This success rested on the early capability of Soviet engineers under the leadership of Korolev and Glushko to build large rockets with significant payload capacity, something not yet accomplished in the United States. In January 1959 the Soviets sent Luna 1 past the Moon and into orbit around the Sun, following up with Luna 3 to transmit pictures of the far side of the Moon—thereby giving the Soviets an important “first” in lunar exploration. American efforts lagged the Soviets’, but the work of von Braun and Gilruth proved significant in helping the Americans catch up. Eventually, Pioneer 5 finally flew past the Moon, much too late to assuage America’s loss of pride and prestige. Thus ended the first phase of lunar exploration, with the Soviet Union a clear winner.
Dreams of Luna
What is it about the Moon that captures the fancy of humankind? A silvery disk hanging in the night sky, it conjures up images of romance and magic. It has been credited with foreshadowing important events, both good and ill, and its phases for eons served as humanity’s most accurate measure of time. Since ancient times, people have watched the Moon wax (appear to grow larger) and wane (appear to shrink), and have wondered at its beauty and mystery. The Moon holds an important place in many of the world’s religions, and once had a part in other religions—such as Christianity—that no longer assign it special significance. Many religions have seen the Moon as a deity, with many names and many incarnations.
The Moon is by far the most dominant and changeable element in the night sky. It has kindled enthusiasm, joy, lust, fear, and horror upon generations of peoples of all races and cultures who have lived out their lives under its silvery reflected light. Defining the Moon differently from culture to culture and age to age, humankind remains captivated by its power. We have characterized it by its features, by its phases, and by its influence over earthly entities. Moon-gazing remains one of the oldest pastimes in the human experience. Ancient civilizations assigned the Moon dominion over human lives through supernatural intervention; more recent ones have envisioned it as a home for extraterrestrial life. It inspires poets and artists, scientists and engineers, creators and destroyers. With the invention of the telescope at the turn of the seventeenth century—coinciding with the rise of the scientific revolution—the Moon took on new meaning as a tangible place with mountains and valleys and craters that could be named, geological features and events that could be studied.

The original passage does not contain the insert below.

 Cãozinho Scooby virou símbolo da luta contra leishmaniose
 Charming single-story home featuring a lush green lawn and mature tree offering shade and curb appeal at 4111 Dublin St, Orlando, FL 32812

With the scientific revolution, as the Moon came to be considered a place with firm ground, many people began to speculate on the potential of visiting. Johannes Kepler, a pathbreaking astronomer in the seventeenth century, wrote a novel, Somnium (Dream), that was published posthumously in 1634. The work recounts a dream of a supernatural voyage to the Moon in which the visitors encounter serpentine creatures. Kepler also included much scientific information in the book, speculating on the difficulties of overcoming Earth’s gravitational field, the nature of the elliptical paths of planets, the problems of maintaining life in the vacuum of space, and the geographical features of the Moon.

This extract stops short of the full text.